What needs to be done:
Print, please, exactly the lines from the one with "Marc by Marc" through the final line of the data below, with both ends included and the pictures left out.

Information shown:
- - - -
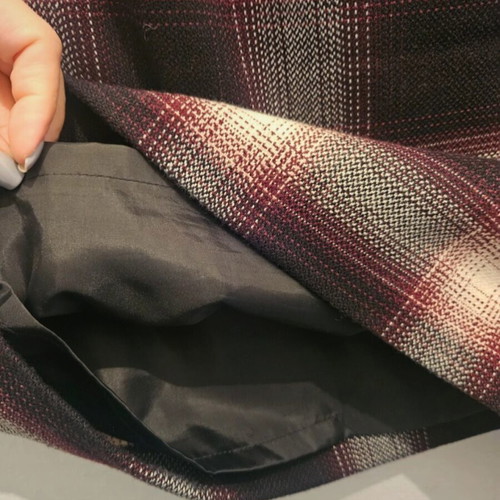 Plaid mini skirt LOFT like new, black-bordeaux, size 2 petite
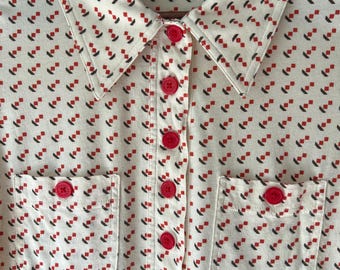 Marc by Marc Jacobs Printed Cotton Blouse Red Button Detail Effortless Chic Size M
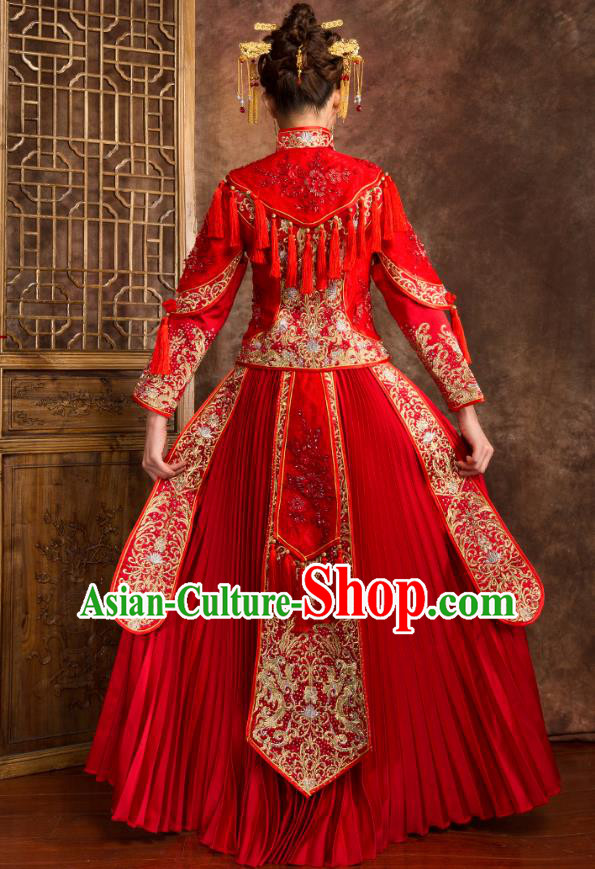 Traditional Chinese Wedding Costumes Traditional Xiuhe Suits Ancient Chinese bridal Full Dress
- - - -
Solved exercise:
 Marc by Marc Jacobs Printed Cotton Blouse Red Button Detail Effortless Chic Size M
 Traditional Chinese Wedding Costumes Traditional Xiuhe Suits Ancient Chinese bridal Full Dress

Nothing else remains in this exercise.